Is there a club for cubers in Belgium???
And if there isn't, maybe in the Benelux???


----------



## Bierproever (Apr 21, 2010)

No belgian cubers here??


----------



## Am1n- (Apr 21, 2010)

why?


----------



## Bierproever (Apr 21, 2010)

Don't know any ^^


----------



## Pietersmieters (Apr 21, 2010)

I'm a Belgian cuber, Tobias Danneels and some others are Belgian too


----------



## Cubenovice (Apr 21, 2010)

Dutch guy living in Belgium...
Does that count?

Anyway, I see that you are coming to the belgian open, there will be some belian cubers.
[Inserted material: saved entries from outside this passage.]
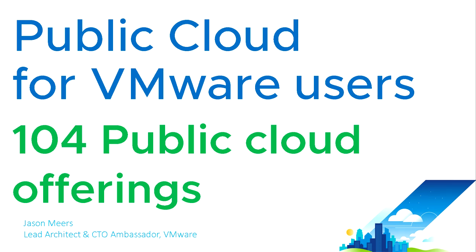Hi, I'm Jason Mears, and this is public cloud for VMware users 104, public cloud offerings.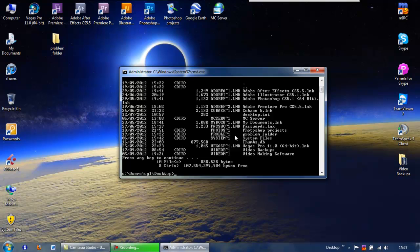Once we've got the 8.3 name, I would strongly suggest being very, very sure this is the folder you want to delete, because it will delete it. It'll give you an option — it'll say yes or no — but once you've said yes, bang, it's gone. It doesn't go into your recycle bin, it's permanently gone. You won't be able to recover it. They should all have a tilde after them so you can recognise the 8.3 names.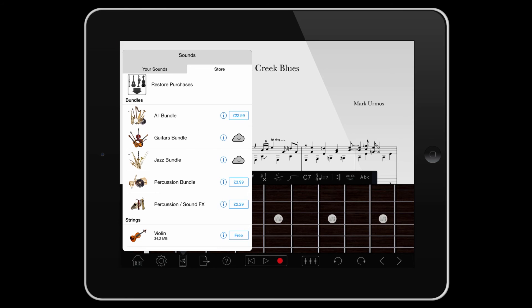Finally, at the top of this menu is the Restore Purchases button. If you've signed out of your Apple ID on your iOS device and signed back in, Notion may not have automatically refreshed the list of what you've purchased. Tap this button to force Notion to check your previous purchases and update the list. Make sure you have signed into your device with the same Apple ID that you used to make any prior purchases.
I think there are already about ten on the participant list.


----------



## Dene (Apr 22, 2010)

Lars Vandenbergh is a very promiment and well known Belgian cuber. He posts on here as jazzthief81.


----------



## SimonV (Mar 13, 2016)

I am a belgian cuber


----------



## AlexvanVugt (Mar 21, 2016)

I am an Australian cuber, but I used to live in Belgium(as you can probalbly tell by my name). Not that anyone cares, but nice to know there are some Belgian cubers out there.


----------